[Question] Training performance comparsion between IsaacLab and IsaacGym
Hi all,
I wondering if anyone closely compare the performance of the policy trained in IsaacLab and IsaacGym.
I have a decent locomotion policy working well in IsaacGym and try to move the codebase to IsaacLab.
I observe that the training performance in IsaacLab is worse than in IsaacGym.
Although you might claim that I may have introduced a bug while transferring the code, I checked multiple times all the configs and code order etc.. (i.e. PPO settings, reward weights, PhysX settings etc..)
I agree that there might still be some bugs that I didn't identify, but for the sake of questions, let's assume the code logic are exactly the same.
Have anyone observed that their policies in IsaacLab is worse than IsaacGym?
I have some training plots regarding this matter: purple is IsaacGym, and green is IsaacLab.
It seems in IsaacLab the mean reward is lower and value function loss is much higher/noisy than in IsaacGym.

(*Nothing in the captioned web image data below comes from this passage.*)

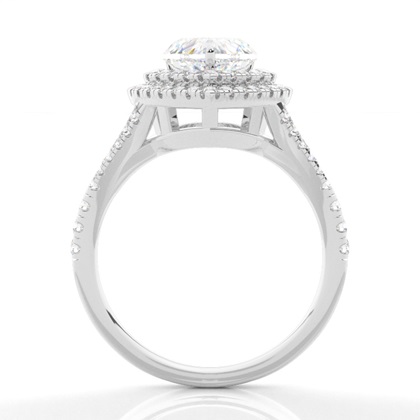 Prong-Einstellung Diamant Halo-Verlobungsring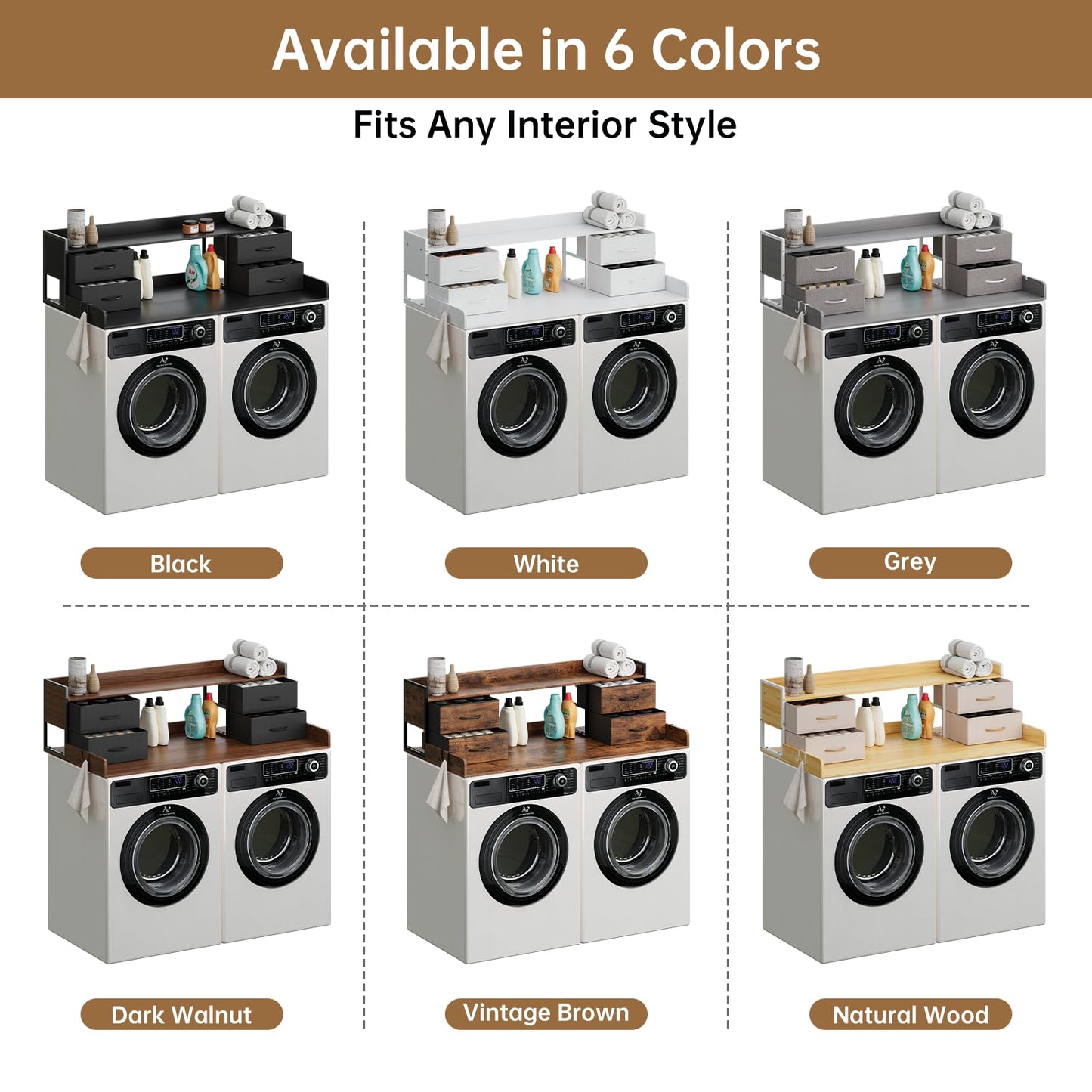 4 Drawers Washer Dryer Countertop with Shelf, 27.5" D x 54" W Laundry Topper with 3.54" High Guardrails and Non-Slip Pads,Extra Storage Organizer for Over Washer and Dryer, Holds 66 Lbs, Light Grey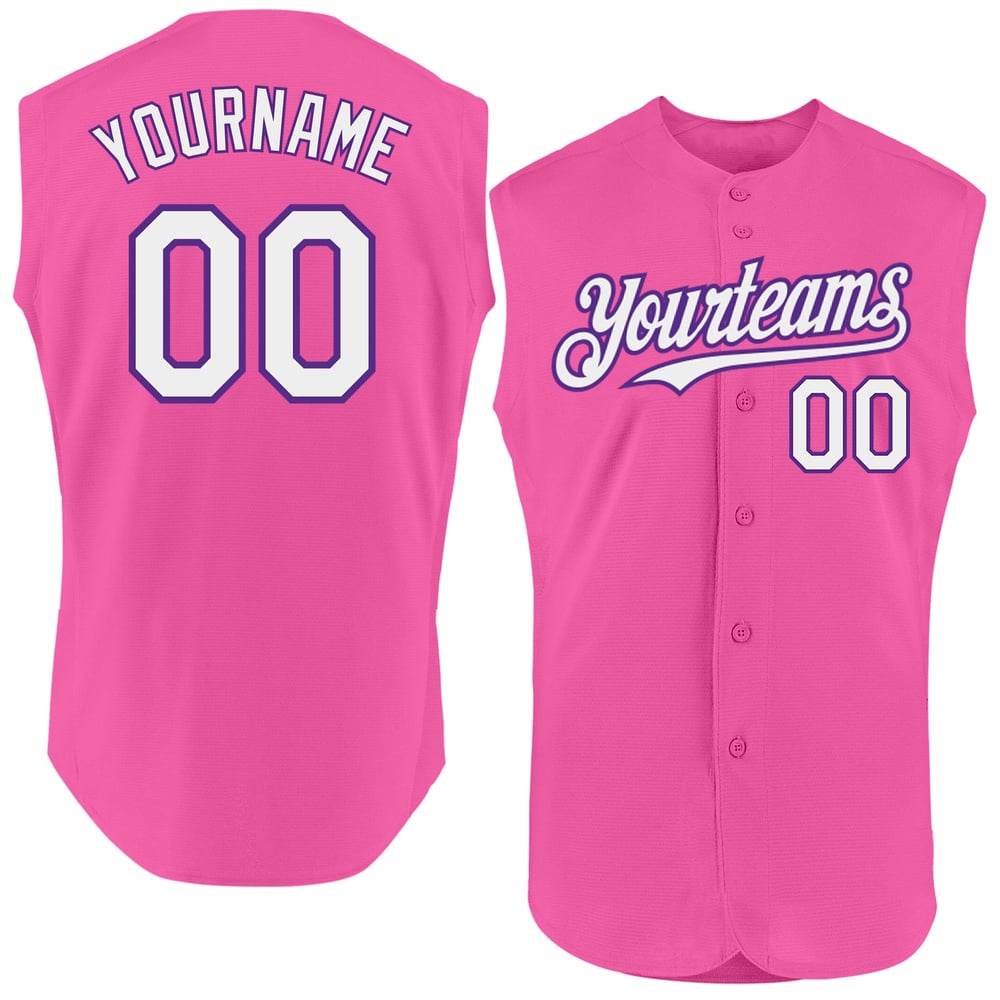 Pink White-Purple Baseball Authentic Custom Sleeveless Jersey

Based on my visual inspection, in IsaacLab the robot tends to reach its torque limit quite frequently and terminate early, resulting in unstable policy and noisy value function.
Does anyone observe similar issue and provide some possible explanation and resolution? (except the bug I might accidently introduced)
One of my hypothesis is the IsaacLab and IsaacGym use different PhysX version and their dynamics (or contact solver) has changed. I'm wondering if there are any hidden bugs or mistakes in IsaacLab side, or it is just finetuning issues.
Thank you!
When I last compared it for ANYmal locomotion, things looked pretty similar. However, this was some time ago, and we don't have regular integration tests for this at the moment.
The value function jumping is the most concerning to me. Are you using one of the environments that we provide, or is this your custom environment?
Hi, I'm using custom environment for humanoid. (Not the unitree robots)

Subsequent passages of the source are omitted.